## Data block
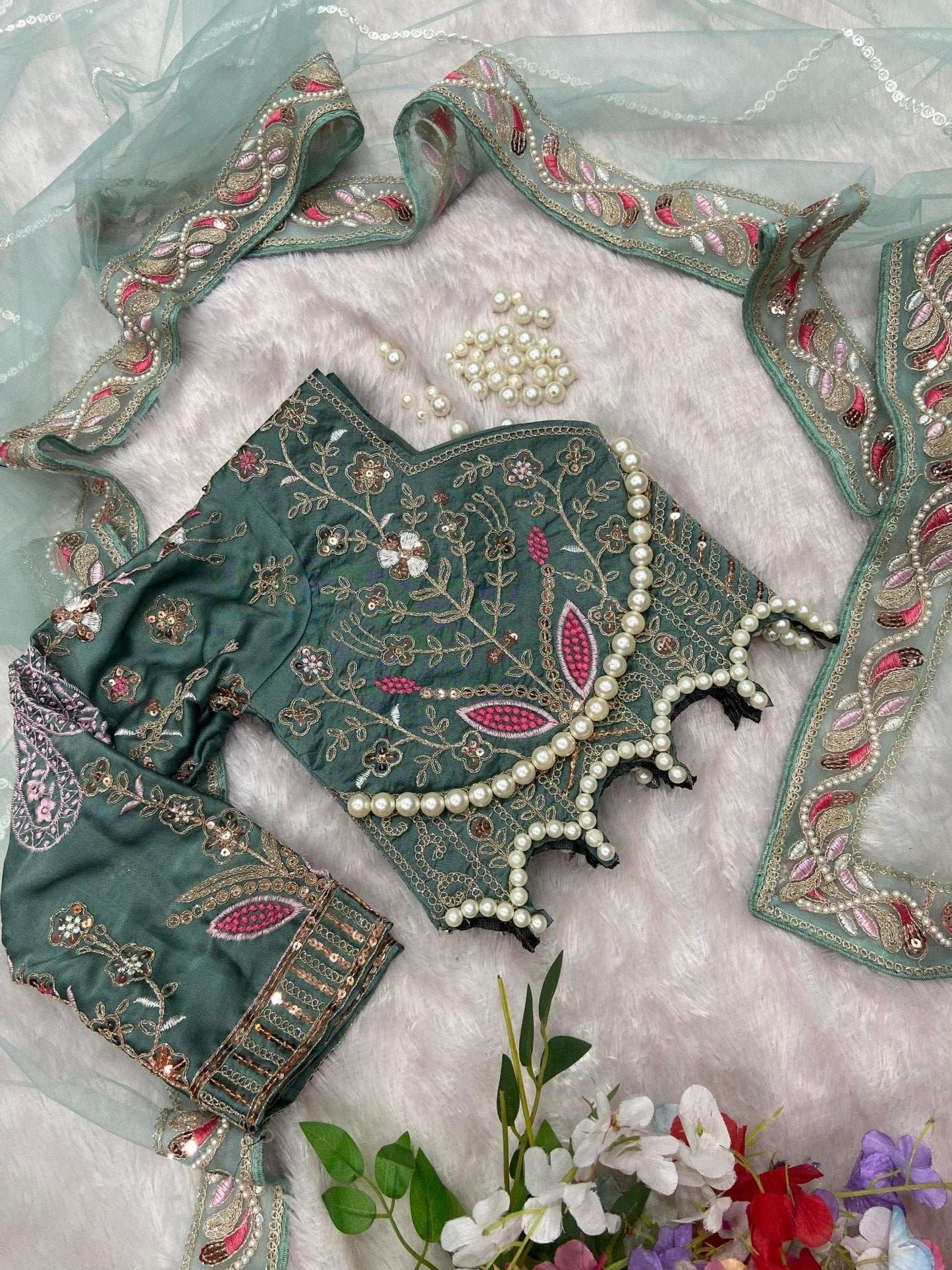 HOS ASN-60 Designer Net Saree – Embroidery, Dori, Sequins & Hand Diamond Work Border - House Of ShiVisha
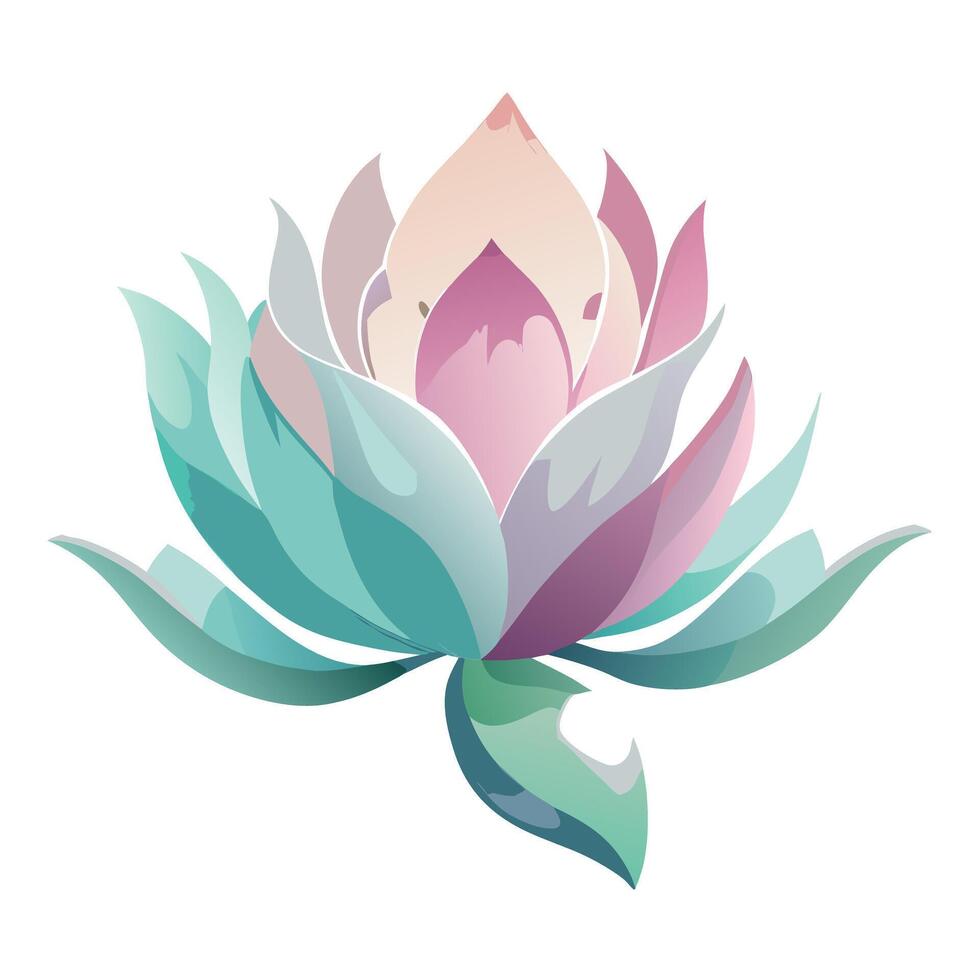 Lotus with watercolor fade effect illustration artistic floral art vector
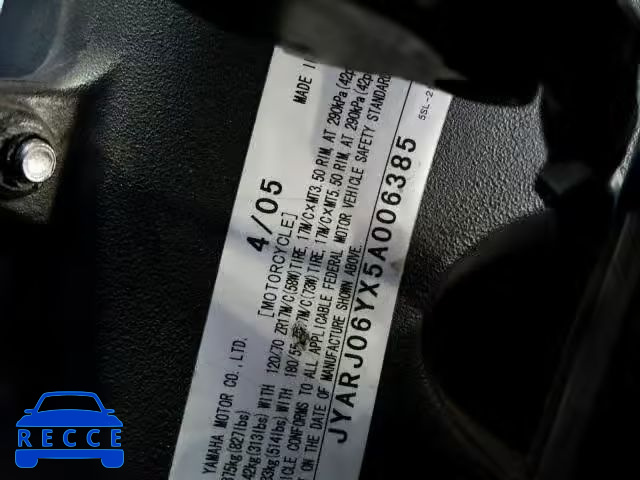 2005 YAMAHA YZFR6 L JYARJ06YX5A006385 image 9
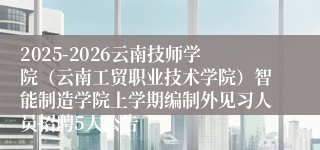2025-2026云南技师学院（云南工贸职业技术学院）智能制造学院上学期编制外见习人员招聘5人公告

## Exercise details
Exactly as written, restate the lines from the one that contains "2005 YAMAHA YZFR6" through the final line of the data, both ends included, but leave out the pictures.

## Solution to this problem
 2005 YAMAHA YZFR6 L JYARJ06YX5A006385 image 9
2025-2026云南技师学院（云南工贸职业技术学院）智能制造学院上学期编制外见习人员招聘5人公告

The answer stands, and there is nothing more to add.